We had a busy, busy week here in the Mayor’s office. If I were to fill you in on everything we did, this email would stretch into next week, but we can’t do that because we’ve got a packed schedule.
So let’s hit the highlights:
Austin Music & Creative Ecosystem
On Friday, I, Council Members Kathie Tovo, Pio Renteria, and Greg Casar were joined by leaders of the local music and arts communities to announce a long list of creative ideas for the creative class. We didn’t need another study to tell us that Austin’s local music industry is suffering under the affordability crisis, but the news that it has lost 1,200 jobs since 2010 was sobering. We won’t be the Live Music Capital of the World for much longer if we keep losing musicians and music venues, and our arts community is facing many of the same challenges.
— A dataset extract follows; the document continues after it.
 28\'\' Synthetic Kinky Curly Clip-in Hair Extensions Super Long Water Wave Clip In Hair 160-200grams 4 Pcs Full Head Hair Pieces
That’s why we are introducing the Austin Music & Creative Ecosystem Omnibus Resolution. We’re going to need all our creativity, ingenuity, and vision to deal with the affordability crisis that faces the musicians and artists alike who are getting priced out of homes and studio space. The work they are producing is as vibrant as ever, but this city has never been more unaffordable for them. As I said at the press conference, what do we ultimately gain if we get another weekend of the ACL Festival but we lose another Liberty Lunch?
If you want to learn more about this, you can read our press release that has links to the resolution, my prepared remarks, read the article in the Statesman, or listen to the pretty funny story on KUT.
(And thanks to Aaron Majors of Ballet Austin for letting us use that photograph.)
How soon can we fix I-35?
This week I also got to speak to the Texas Transportation Commission about how TxDOT and Austin can work together in the Year of Mobility, and that starts with I-35. The downtown interstate is the most congested road in Texas. If we don’t do something big to fix this very soon, it’ll be the most congested road in the country. That is one list that we don’t want to be #1 on.
TxDOT has proposed two options to relieve congestion on I-35: either raising up the freeway or lowering the lanes below ground level. I strongly support the latter choice because it will increase our mobility around Austin, including getting east and west on bike or foot as well as by car. If we do lower I-35, that will create the economic opportunity for private investment to put a cap on top of I-35, creating possibilities for open space and other opportunities. We can turn the worst road in Texas into the crown jewel of Austin. We’re only going to do this once, so we might as well do it right.
If you want to see a video of my testimony, jump over to our Facebook page.
What’s happening with our collaboration with the Rocky Mountain Institute?
Also this week was the first Mobility Transformation Committee meeting with the Rocky Mountain Institute, Mayor Adler, CM Kitchen, Senator Watson, Commissioner Shea, TxDOT, CTRMA, and many more. You might remember that the Rocky Mountain Institute selected Austin to collaborate with on mobility innovations. Success will come from experimentation, learning, and adapting, and it won’t happen overnight, but it’s innovative collaborations like ours with RMI that will lead to the technological, operation, economic, social, and behavioral changes we need.
How is Austin following up on the Paris climate agreement?
You might remember that last year I signed the Under MOU 2 climate agreement that calls for reducing greenhouse gas emissions 80% to 95% by 2050. This week I spoke at an event cohosted by the Austin EcoNetwork and the Rainforest Partnership at the Google Fiber Space, entitled, “The Paris Climate Agreement, An Austin Perspective.” Presidents can sign treaties, but when it comes to climate change mayors will be implementing it, utility by utility, transit system by transit system. It’s up to us to get this done. I touched on how we’ll do that as well as my memories of the experience at the COP 21 climate summit in my remarks, which you can hear by listening to this podcast. Long story short, the 2015 Austin Community Climate Plan identified 130 actions to achieve Net-Zero community-wide greenhouse gas emissions by 2050. There is a big role for Austin to play in this global effort to reduce carbon emissions, and we can lead the way by setting an example for the U.S.
That’s it for now. Enjoy this amazing weather. Me, I’ve got a full weekend of meetings and public events. Like I said – busy, busy, busy.